Analysing an Online Community

I had a look at carrying out network analysis of the relations in an online community for the Coursera Social Network Analysis class.

Original Bulletin Board Graph
Original Bulletin Board Graph
The community was a UK based bulletin board of general chat, completely anonymised. I wanted to look at the relationship between topics and see what could be inferred from that, so in the graphs the nodes are threads and the edges are people who posted between threads. This post is mainly about the network analysis, another will look at nitty gritty of how I carried it out.


In short, Python and Gephi -more details later.

The Network

I ended up with a network of 79 nodes and 345 edges. The node labels were extracted keywords from the threads -edges were people who posted between threads.


First question is there anything to look at? Any Structure? One way to tell is by constructing a random graph and comparing it's properties with those of our graph -this can be done, a little tediously, with Gephi.

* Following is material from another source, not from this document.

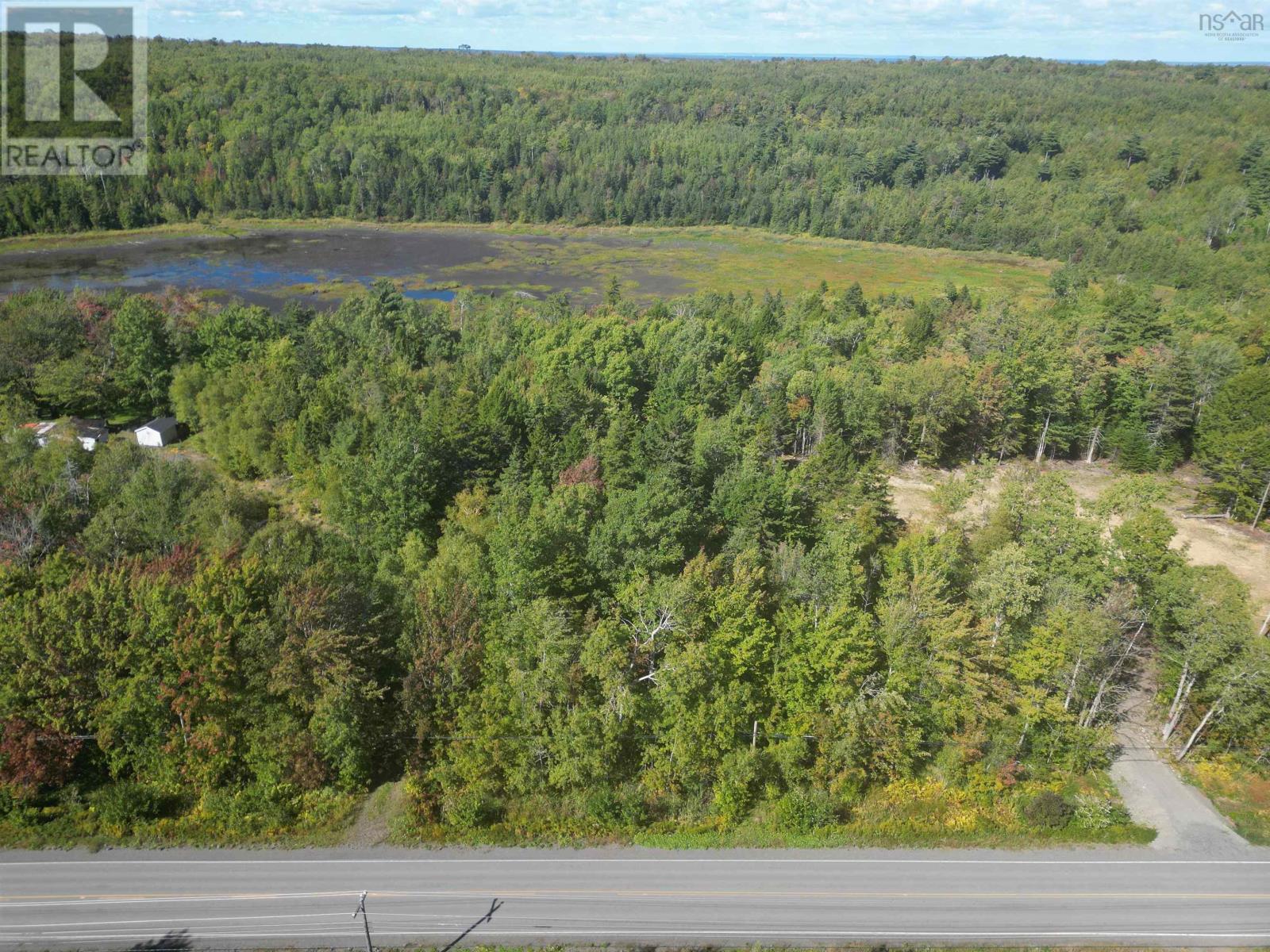 Lot 22-1 Little Harbour Road, Frasers Mountain, NS B2H 3T5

Our graph has an average degree of 8.73, a shortest path length of 2.22 and an average clustering coefficient of 0.634. In comparison a random graph with same node and edge counts has a degree of ~4.4 a path length of 2.2 and the clustering coefficeient of 0.144 degree is considerably lower than our graph, so nodes are more connected and, although the path length is similar to a random graph the clustering is higher, indicating small world properties -which gives us something to look at.

There are a 3 super nodes in the graph :

clarkson, people, one, bbc1015
people, like, money, would650
clarkson, one, public, sector343.

People in the UK can probably guess the reason for the first and third nodes. The comment was so outrageous that perhaps most people felt that they had to say something about it, and abnormal relationships in the graph could be created. After removal of the clarkson nodes the graph is as below:
Clarkson free graph
Clarkson free graph
Running Gephi Modularity with a resolution of 1.0 gives us 6 groups. Groups 4, 5 and 0 seem to be too diverse to say anything much about. Group 1 is mainly about sport, although its' highest degree node is about Apple. Group 3 is about UK domestic topics, Group 2 is more global centring around politics and economics.


We can see that there is some clustering of subjects when we relate them by people although we have not discovered any surprises on this small data set, as similar subjects cluster together. Next steps for this study would be too use a more sophisticated way of extracting the labels from the thread text, run against a larger data set and perhaps introduce the notion of time as an attribute, one could then perhaps look at 'contagion' of the network by a topic, the Clarkson posts might be interesting here. We could also invert the network and relate people by posts -but that seemed less interesting.


  1. Had totally missed this, but then I never listen to Clarkson:

    1. I like Clarkson -you just have to remember he's a professional fool.